YOUR INSTRUCTIONS: An exact copy of the listing below is the answer, with the pictures removed.

SUPPLIED DATA:
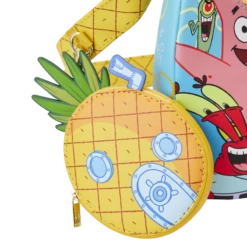 LOUNGEFLY SpongeBob SquarePants Group Shot Crossbody Bag -Animation Bag Store Cn1WEcERZ6QP7Yy1fEeyB9EDWRVMXvpW8eVNj7KN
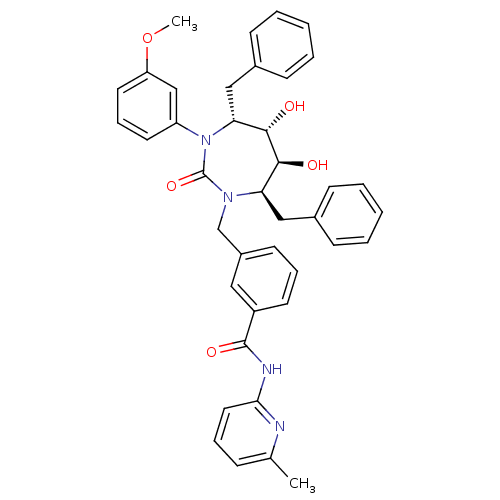 Chemical structure of BindingDB Monomer ID 50073098
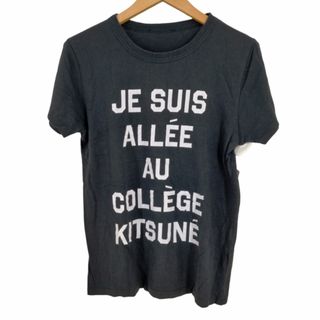 メゾンキツネ(MAISON KITSUNE')のmaison kitsune(メゾンキツネ) レディース トップス(Tシャツ(半袖/袖なし))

TASK RESPONSE:
 LOUNGEFLY SpongeBob SquarePants Group Shot Crossbody Bag -Animation Bag Store Cn1WEcERZ6QP7Yy1fEeyB9EDWRVMXvpW8eVNj7KN
 Chemical structure of BindingDB Monomer ID 50073098
 メゾンキツネ(MAISON KITSUNE')のmaison kitsune(メゾンキツネ) レディース トップス(Tシャツ(半袖/袖なし))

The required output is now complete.